WHAT THIS TASK INVOLVES: Your copy of the data should leave out the images and match everything else exactly.

COLLECTED DATA:
= = = = =

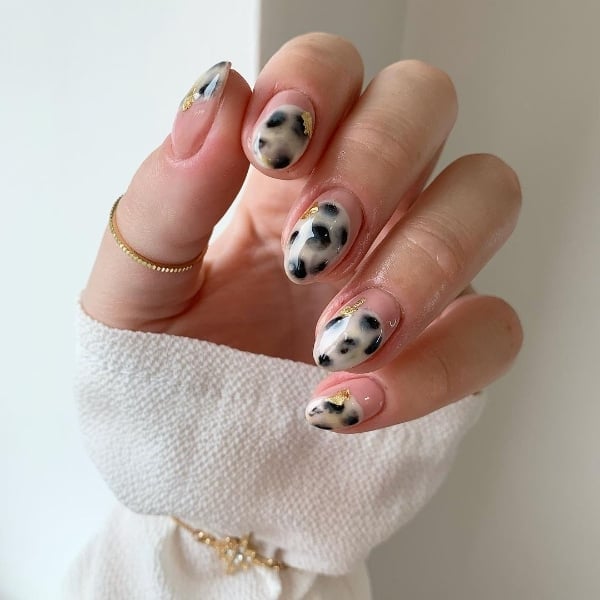 Tortoiseshell Gold Foil Short Almond Nails, Close-Up Take Tortoiseshell Gold Foil Short Almond Nails, Close-Up Take — Nails for Blondes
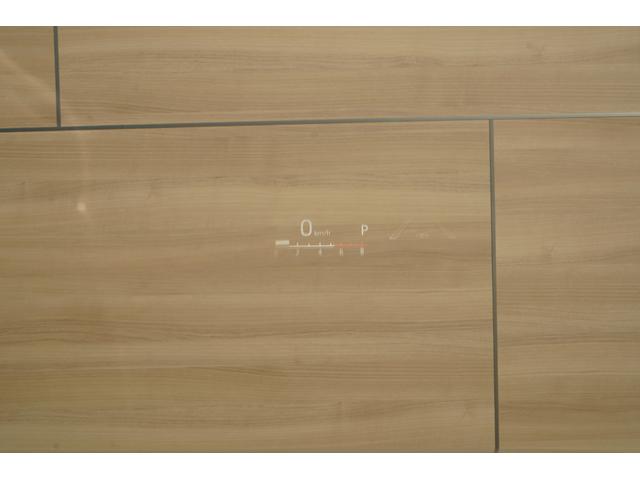 ���[�J�[�I�v�V�����̃h���C�r���O�T�|�[�g�p�b�P�[�W�̃w�b�h�A�b�v�f�B�X�v���C�������t�����g�K���X�ɏ��𓊉e�����i�����ł����ԑ��������f���o���Ă���܂���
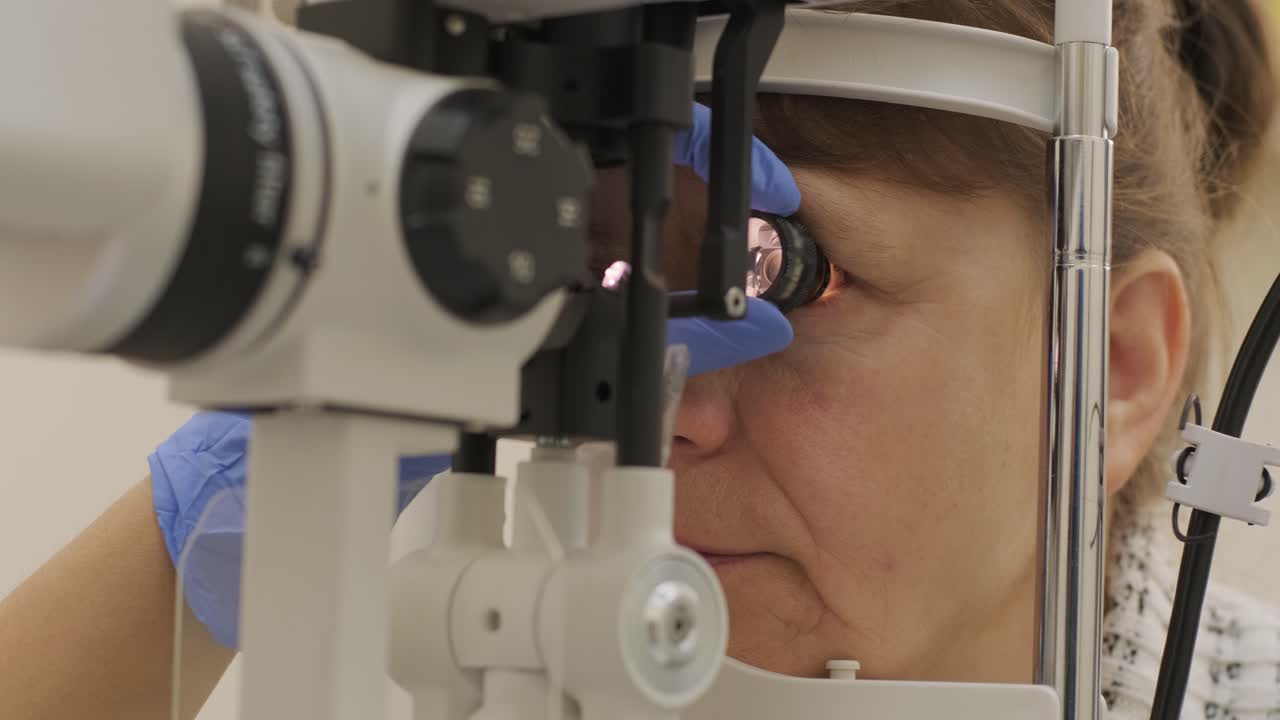Selective Laser Trabeculoplasty. General diagnosis of eye diseases. Ophthalmology gonioscopy lens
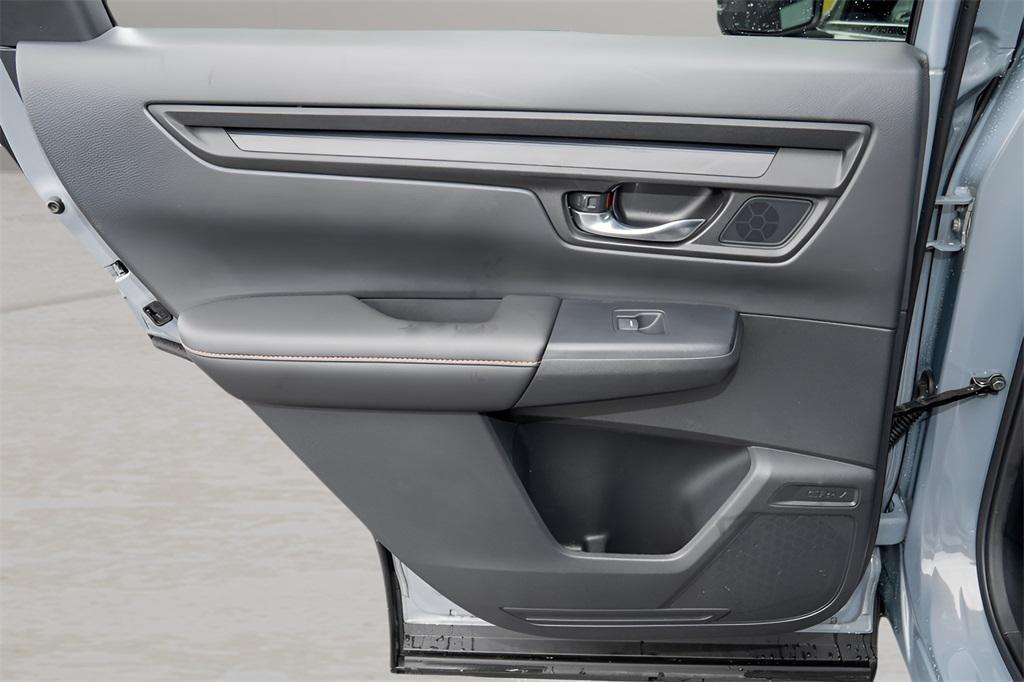 used 2024 Honda CR-V Hybrid car, priced at $31,998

= = = = =

REPLY:
 Tortoiseshell Gold Foil Short Almond Nails, Close-Up Take Tortoiseshell Gold Foil Short Almond Nails, Close-Up Take — Nails for Blondes
 ���[�J�[�I�v�V�����̃h���C�r���O�T�|�[�g�p�b�P�[�W�̃w�b�h�A�b�v�f�B�X�v���C�������t�����g�K���X�ɏ��𓊉e�����i�����ł����ԑ��������f���o���Ă���܂���
Selective Laser Trabeculoplasty. General diagnosis of eye diseases. Ophthalmology gonioscopy lens
 used 2024 Honda CR-V Hybrid car, priced at $31,998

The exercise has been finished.